Stancil announces bid against Jessamy

City Council member is a former prosecutor

May 08, 2002|By Sarah Koenig | Sarah Koenig,SUN STAFF

At a midday party that included balloons, several musical bands and the guest of honor dancing a little jig with a costumed performer, Lisa J. Stancil announced her candidacy for Baltimore state's attorney yesterday.

But during the festivities, Stancil, 39, who worked as a city prosecutor for two years and has been a City Council member since 1999, attacked incumbent Patricia C. Jessamy's leadership as a "gross failure," and promised "a new day" in city courtrooms.

"This office will seek justice in this new day," she said in an interview after the event, which was held in the courtyard of Zion Lutheran Church near City Hall.

"We will not have the same kind of incompetence and sloppiness that has allowed for burglars, robbers, rapists, even some bad policemen, even some murderers, to be released," she said.

Stancil noted the case of Michael Austin, who spent 27 years in prison for a murder he did not commit before being released last year. Jessamy opposed Austin's motions for a new trial.

"Instead of seeking justice, she caused him to spend an additional 300 days in jail," she said.

Stancil also underlined Jessamy's public spats with Mayor Martin O'Malley and other city officials. "We'll no longer accept excuses and blame on any other entities," she said.

Although Stancil blamed high crime numbers for the city's educational and financial problems, she did not unveil any specific plans for improving the quality of prosecution.

But she said that if elected, she would conduct an audit of the office in an effort to root out inefficiencies.

Jessamy responded briefly yesterday to Stancil's criticism. "The citizens of Baltimore will not be misled by this rhetoric now or on September 10," she said in a statement, referring to the primary election date. "They know my record and my commitment to making our communities safe."

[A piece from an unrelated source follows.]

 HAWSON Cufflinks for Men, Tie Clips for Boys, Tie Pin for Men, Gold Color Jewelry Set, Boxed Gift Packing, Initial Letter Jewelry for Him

Of those who are running or say they might, Stancil is the only person - including Jessamy - who has won an election.

In addition, she is African-American, which is likely to give her an edge among the city's majority-black voters over a third Democratic state's attorney candidate, Anton J.S. Keating.

All three are Democrats. They could be joined in the primary by Warren A. Brown, one of Baltimore's best-known defense lawyers, who said he might re-enter the contest. In September, a spate of negative news reports about his private and professional life caused him to bow out.

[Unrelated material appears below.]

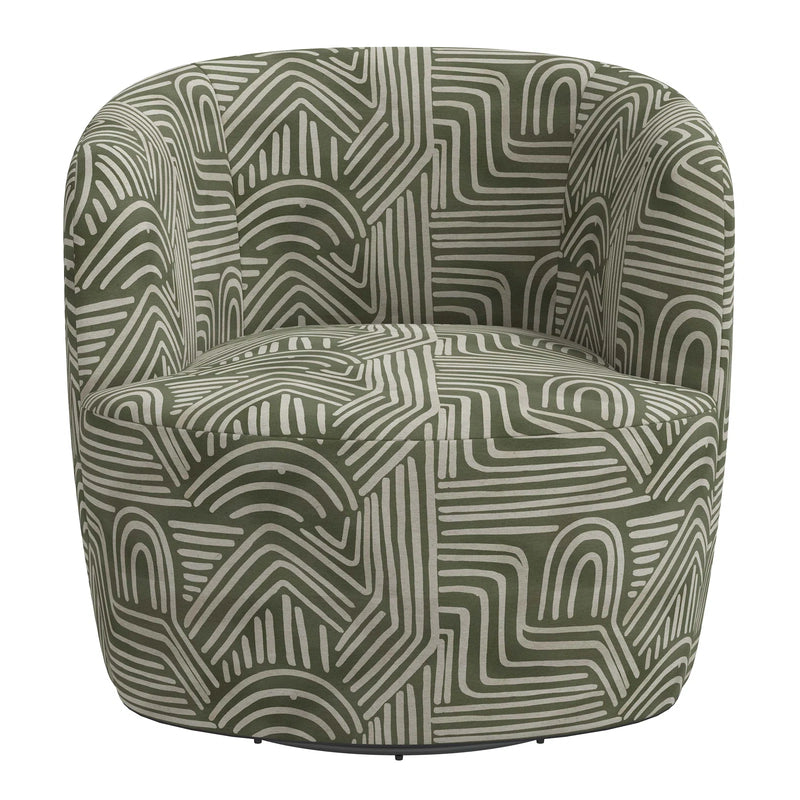 Mina Upholstered Swivel Barrel Chair (Moss Green)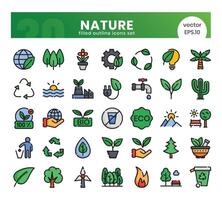 Nature Icons Bundle. Filled outline icons style. illustration vector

In addition, Republican Andrew C. White said last month that he is seriously considering running.

Stancil was accompanied yesterday by three incumbent candidates: Baltimore Sheriff John Anderson, Register of Wills Mary M. Conaway and her husband, Circuit Court Clerk Frank M. Conaway.

Together, they call themselves "The Court House Team" - a title appearing on water bottles and key chains at yesterday's event.